By Jessica Tamturk
While Istanbul's yali's (mansions) may be arguably the most sought after real estate in the world, their appeal - at least to Westerners - lies more in their history than as the symbol of wealth they project.
So enthralled was Lord Byron by the site of these mansions lining the Bosphorus that he immortalized them in his poetic epic Don Juan: “Each villa on the Bosphorus looks a screen/New painted, or a pretty opera scene.”

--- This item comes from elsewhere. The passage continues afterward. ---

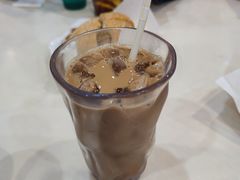 -旺角宝港式茶餐厅(寮步店)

Since their construction in the late 17th century, the yali - the wooden mansions that line both sides of the natural, 30 kilometer long Bosphorus strait that marks the continental divide between Asia and Europe - once attested to Ottoman spoils. Princes, Sultans, aristocrats of the era, and even the unbelievingly wealthy all staked their claim along the waterway to erect these opulent summer abodes. Istanbul's few remaining yali's - pronounced yahlih, derived from the Greek yialos, or seashore - are a testament of the former empire's sweeping grandeur; its high society, politics and architecture, as well as the social standing they bestowed their owners.
These seasonal residences, once crafted in the popular style, art nouveau, baroque, eclectic arabesque, or the neoclassical style favored in the early 19th century - reflected their owners' tastes, and purses. Prominent European architects, such as Antonio Lasciac, who in 1899 designed and constructed Sait Halim Pasha's pink marble palace located on the upper European shore of the Bosphorus, were all the rage. But, perhaps the most renown of Ottoman art-nouveau designers was Raimondo d'Aronco, an Italian who served for 12 years as imperial architect to Sultan Abdulhamid II in the late 19th century. Inspired by the Viennese secessionist movement and the Italian stile floreale, d'Aronco melded these with Byzantine and Ottoman decorations to create the style unique of the era and the area.
The facades were traditionally tinged a light maroon, a color referred to as "Ottoman rose." Stained just so, as to pop against the backdrop of verdant hills splashed with the pink of cherry blossoms, the dark tones of reedy cypresses, and the plush green of chestnut and walnut trees. Later, the yali's exteriors adopted the lighter pastel shades that were all the rave in early 18th century Europe.
Once inside, these mansions would reveal a floor plan inherited in part from traditional Turkish abodes, with a center salon - or sofa ( a Turkish word, accepted in English literary annals in the 17th century, meaning a raised section of a floor, covered with carpets and cushions, and derived from the Arabic term suffah or bench). The center salon contained a fountain to acclimate its inhabitants during the torrid summer months. The largest yali's also housed a haremlik for the ladies, a selamlik for the men, and a hamam (Turkish bath). The latter was typically constructed of marble, with a steam, sauna-like chamber, and adjacent rooms where one gender at a time could cool off.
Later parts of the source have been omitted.